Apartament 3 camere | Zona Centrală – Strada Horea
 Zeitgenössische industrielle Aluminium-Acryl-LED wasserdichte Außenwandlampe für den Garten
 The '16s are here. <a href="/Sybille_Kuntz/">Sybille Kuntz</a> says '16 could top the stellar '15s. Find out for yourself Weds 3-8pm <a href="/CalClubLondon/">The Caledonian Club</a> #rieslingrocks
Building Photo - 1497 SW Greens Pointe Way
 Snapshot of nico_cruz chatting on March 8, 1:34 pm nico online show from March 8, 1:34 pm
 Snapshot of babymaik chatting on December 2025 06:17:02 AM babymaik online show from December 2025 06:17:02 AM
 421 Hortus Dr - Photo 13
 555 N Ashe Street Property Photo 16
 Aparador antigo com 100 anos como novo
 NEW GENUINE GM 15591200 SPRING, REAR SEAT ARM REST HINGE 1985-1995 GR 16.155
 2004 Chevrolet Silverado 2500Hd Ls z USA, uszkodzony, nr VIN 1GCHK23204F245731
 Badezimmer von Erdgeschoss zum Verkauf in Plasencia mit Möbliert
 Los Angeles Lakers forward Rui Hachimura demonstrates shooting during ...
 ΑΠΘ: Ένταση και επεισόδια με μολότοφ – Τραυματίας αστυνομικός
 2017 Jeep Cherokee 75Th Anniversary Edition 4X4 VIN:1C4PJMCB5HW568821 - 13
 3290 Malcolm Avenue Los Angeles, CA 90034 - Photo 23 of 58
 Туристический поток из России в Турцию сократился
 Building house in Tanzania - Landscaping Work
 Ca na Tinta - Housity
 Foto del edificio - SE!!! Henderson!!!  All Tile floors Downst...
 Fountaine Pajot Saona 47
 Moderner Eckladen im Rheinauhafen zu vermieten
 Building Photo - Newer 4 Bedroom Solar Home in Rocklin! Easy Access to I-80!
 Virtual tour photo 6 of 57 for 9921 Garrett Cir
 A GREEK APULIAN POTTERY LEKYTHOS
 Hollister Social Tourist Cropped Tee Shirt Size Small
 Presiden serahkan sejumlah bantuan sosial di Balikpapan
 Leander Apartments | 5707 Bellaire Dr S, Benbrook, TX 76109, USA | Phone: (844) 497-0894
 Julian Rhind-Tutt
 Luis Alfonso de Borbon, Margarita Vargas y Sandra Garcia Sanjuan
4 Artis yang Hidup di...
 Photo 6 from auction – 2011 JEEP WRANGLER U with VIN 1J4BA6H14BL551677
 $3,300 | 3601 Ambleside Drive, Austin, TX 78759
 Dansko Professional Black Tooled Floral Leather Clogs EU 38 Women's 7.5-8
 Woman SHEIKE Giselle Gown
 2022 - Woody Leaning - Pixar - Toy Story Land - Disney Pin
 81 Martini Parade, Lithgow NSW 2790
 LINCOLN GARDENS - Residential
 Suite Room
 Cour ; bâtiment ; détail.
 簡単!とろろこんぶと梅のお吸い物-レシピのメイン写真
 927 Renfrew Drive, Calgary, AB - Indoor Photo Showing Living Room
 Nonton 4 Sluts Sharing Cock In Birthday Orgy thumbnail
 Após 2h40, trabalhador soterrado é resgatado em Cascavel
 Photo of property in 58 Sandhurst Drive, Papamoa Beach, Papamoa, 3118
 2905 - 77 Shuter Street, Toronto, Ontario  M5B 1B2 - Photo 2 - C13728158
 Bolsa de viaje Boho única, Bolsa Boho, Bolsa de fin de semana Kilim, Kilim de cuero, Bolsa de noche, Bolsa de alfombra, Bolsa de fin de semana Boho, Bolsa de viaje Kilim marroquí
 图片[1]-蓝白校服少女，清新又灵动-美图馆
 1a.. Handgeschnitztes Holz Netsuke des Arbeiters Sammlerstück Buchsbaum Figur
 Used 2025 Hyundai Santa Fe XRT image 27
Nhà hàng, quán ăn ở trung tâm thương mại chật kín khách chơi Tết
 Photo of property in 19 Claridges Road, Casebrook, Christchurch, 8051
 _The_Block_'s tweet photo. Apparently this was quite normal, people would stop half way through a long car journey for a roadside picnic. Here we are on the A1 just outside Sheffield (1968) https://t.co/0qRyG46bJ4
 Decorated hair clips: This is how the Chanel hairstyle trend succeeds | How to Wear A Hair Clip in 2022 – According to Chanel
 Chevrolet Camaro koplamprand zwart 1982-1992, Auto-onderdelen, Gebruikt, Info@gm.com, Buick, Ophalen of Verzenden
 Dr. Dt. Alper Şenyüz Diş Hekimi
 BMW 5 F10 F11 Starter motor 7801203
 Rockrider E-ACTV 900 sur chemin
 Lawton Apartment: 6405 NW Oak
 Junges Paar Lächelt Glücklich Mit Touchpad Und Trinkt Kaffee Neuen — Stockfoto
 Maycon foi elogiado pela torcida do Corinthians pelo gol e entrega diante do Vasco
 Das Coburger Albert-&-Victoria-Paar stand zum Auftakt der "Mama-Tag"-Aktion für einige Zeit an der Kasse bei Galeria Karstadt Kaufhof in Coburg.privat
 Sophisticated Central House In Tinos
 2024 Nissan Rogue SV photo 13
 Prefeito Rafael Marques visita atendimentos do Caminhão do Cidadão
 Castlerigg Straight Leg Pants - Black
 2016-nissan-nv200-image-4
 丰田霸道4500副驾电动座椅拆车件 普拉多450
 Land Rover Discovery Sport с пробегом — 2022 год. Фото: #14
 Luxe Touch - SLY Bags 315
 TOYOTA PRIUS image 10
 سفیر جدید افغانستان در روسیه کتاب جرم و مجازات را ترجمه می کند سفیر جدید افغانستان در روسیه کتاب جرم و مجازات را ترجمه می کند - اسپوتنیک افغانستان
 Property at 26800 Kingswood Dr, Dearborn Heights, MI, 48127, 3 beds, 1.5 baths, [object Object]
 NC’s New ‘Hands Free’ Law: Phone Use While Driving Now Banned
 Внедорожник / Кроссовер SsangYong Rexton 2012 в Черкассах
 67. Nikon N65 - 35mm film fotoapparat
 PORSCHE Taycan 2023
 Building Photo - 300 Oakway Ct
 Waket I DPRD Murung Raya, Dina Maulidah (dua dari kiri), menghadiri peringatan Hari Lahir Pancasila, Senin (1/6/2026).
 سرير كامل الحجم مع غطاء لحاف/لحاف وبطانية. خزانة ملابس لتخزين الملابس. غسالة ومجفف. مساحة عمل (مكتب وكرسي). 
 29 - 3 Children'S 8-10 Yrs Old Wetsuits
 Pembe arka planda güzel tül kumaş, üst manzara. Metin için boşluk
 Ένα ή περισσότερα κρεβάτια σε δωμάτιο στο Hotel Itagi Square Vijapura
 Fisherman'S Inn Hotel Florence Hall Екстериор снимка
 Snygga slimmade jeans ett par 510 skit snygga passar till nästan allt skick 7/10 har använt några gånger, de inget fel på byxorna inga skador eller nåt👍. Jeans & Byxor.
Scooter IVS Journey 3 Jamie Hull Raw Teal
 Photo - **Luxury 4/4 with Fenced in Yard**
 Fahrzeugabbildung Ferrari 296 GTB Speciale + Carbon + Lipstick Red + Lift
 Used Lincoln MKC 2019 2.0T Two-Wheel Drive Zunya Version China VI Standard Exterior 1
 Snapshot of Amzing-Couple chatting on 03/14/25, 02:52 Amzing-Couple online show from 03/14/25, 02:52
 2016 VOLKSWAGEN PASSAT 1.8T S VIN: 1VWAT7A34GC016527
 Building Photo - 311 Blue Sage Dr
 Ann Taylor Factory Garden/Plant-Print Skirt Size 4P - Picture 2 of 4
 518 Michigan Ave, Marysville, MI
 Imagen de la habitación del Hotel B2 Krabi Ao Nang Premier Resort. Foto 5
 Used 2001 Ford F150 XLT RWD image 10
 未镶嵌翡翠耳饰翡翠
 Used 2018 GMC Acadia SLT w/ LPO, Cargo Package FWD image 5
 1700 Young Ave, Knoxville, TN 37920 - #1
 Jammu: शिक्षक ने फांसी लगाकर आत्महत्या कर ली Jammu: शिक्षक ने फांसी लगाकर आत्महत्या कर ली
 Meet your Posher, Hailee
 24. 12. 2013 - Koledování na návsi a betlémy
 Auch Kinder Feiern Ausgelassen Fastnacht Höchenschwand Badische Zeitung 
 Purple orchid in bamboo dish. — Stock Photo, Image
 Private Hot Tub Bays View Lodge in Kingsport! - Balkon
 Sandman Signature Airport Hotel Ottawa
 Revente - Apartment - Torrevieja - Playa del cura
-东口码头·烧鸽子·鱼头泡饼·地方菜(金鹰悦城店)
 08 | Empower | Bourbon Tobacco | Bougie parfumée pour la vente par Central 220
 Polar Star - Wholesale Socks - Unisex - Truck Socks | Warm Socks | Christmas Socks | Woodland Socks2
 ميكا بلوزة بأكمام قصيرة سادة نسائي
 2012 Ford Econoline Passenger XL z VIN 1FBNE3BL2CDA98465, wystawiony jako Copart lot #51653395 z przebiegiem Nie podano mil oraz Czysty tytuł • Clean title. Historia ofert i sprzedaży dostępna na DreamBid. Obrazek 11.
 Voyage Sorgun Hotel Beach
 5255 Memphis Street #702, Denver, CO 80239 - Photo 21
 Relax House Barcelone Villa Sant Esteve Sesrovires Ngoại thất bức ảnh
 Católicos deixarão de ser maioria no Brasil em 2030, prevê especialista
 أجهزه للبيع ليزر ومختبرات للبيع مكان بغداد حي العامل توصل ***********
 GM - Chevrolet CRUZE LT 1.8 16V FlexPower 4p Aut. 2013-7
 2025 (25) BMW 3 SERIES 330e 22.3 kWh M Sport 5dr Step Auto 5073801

◇ ◇ ◇ ◇

The lines running from the start of the data through the one that contains "Badezimmer von Erdgeschoss" should be reproduced exactly, and only those.

• Response to the exercise
Apartament 3 camere | Zona Centrală – Strada Horea
 Zeitgenössische industrielle Aluminium-Acryl-LED wasserdichte Außenwandlampe für den Garten
 The '16s are here. <a href="/Sybille_Kuntz/">Sybille Kuntz</a> says '16 could top the stellar '15s. Find out for yourself Weds 3-8pm <a href="/CalClubLondon/">The Caledonian Club</a> #rieslingrocks
Building Photo - 1497 SW Greens Pointe Way
 Snapshot of nico_cruz chatting on March 8, 1:34 pm nico online show from March 8, 1:34 pm
 Snapshot of babymaik chatting on December 2025 06:17:02 AM babymaik online show from December 2025 06:17:02 AM
 421 Hortus Dr - Photo 13
 555 N Ashe Street Property Photo 16
 Aparador antigo com 100 anos como novo
 NEW GENUINE GM 15591200 SPRING, REAR SEAT ARM REST HINGE 1985-1995 GR 16.155
 2004 Chevrolet Silverado 2500Hd Ls z USA, uszkodzony, nr VIN 1GCHK23204F245731
 Badezimmer von Erdgeschoss zum Verkauf in Plasencia mit Möbliert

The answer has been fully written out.